A bearing using magnetic fluid for lubrication is provided with a magnetic seal circuit to retain the magnetic fluid in the baring. The magnetic seal circuit comprises two annular ring magnets surrounding a shaft and placed on opposite sides of the bearing. The two ring magnets are magnetically joined by a shunt. The shunt controls stray flux and permits the disposition of the magnet at a small distance from the shaft, thus concentrating the flux in the magnetic seal gap.

FIELD OF THE INVENTION 
This invention relates to seals and bearings, and more particularly, to 
sealed bearings of the fluid bearing type. 
BACKGROUND OF THE INVENTION 
As spindles and bearings get smaller, requirements for high precision 
performance increase and the need for the sealing of the annulus around a 
shaft arises, it becomes increasingly difficult to utilize conventional 
design in the field of bearings and seals. 
Accordingly, efforts have been made to use magnetic fluid seals to contain 
or prevent the magnetic fluid from migrating outside the region of the 
bearing and potentially contaminate the exterior region, which may contain 
such devices as magnetic data storage disks. With the use of relatively 
large size shafts, ball bearings and fluid bearings have been preferred to 
reduce friction between the hub and the shaft. With ball bearings, there 
is relatively low friction; however, ball bearings are lubricated with 
oils or greases. The magnetic seal may be a separate element of the 
assembly, merely preventing the lubricants of the ball bearing and the air 
contained within that chamber from passing coaxially to the shaft. 

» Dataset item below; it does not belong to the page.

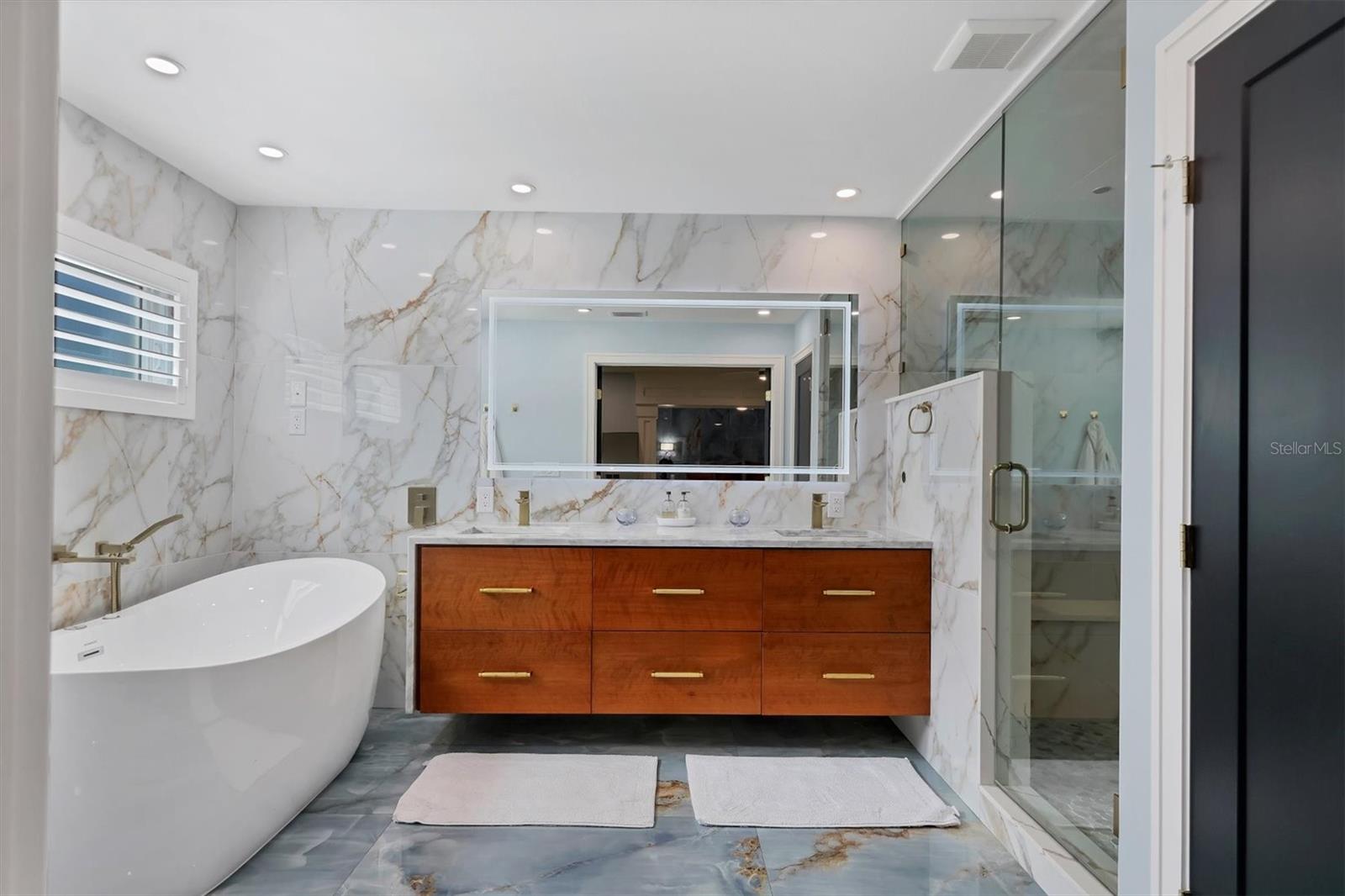 SAN REMO SHORES - Residential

As shaft diameters are reduced along with the size of the devices within 
which they are contained, the practicality of miniature ball bearings 
becomes an issue. In some cases, the shaft diameters are reduced below two 
millimeters and, accordingly, the normal tolerances for the miniature ball 
bearings become so great in proportion to the component sizes that 
accuracy of positioning of the rotating element is degraded beyond 
acceptable limits 
Efforts have been made to utilize fluid bearings in place of the ball 
bearings with varying degrees of success. The stability of the revolving 
hub requires that the bearings be spaced apart from each other along the 
axis of the shaft to the greatest possible extent The separation of the 
bearings requires that either each individual bearing be designed for 
individual containment, thereby typically requiring an end plugging scheme 
to contain the fluid in the bearing; or alternatively, the use of magnetic 
seals to confine the fluid in the bearing cavity. Thus, in the past, the 
use of magnetic seals for each bearing has embodied two magnetic seals for 
each bearing or, alternatively, the inclusions of two or more bearings 
within a common fluid cavity sealed by two seals, one at each end of the 
fluid cavity. The inclusion of more than one bearing within the single 
cavity dictates that the cavity extend over substantial lengths to 
accommodate the multiple bearings. To fill this cavity with magnetic fluid 
becomes cost significant in view of the exceedingly expensive cost of the 
magnetic fluid used as a lubricant in the bearings and as a sealing fluid 
in the seals. 
Any compromise in the length of the chamber in order to reduce the fluid 
capacity requires that the bearings be displaced closer together, thus 
degrading the stability of the rotating hub surrounding the shaft. 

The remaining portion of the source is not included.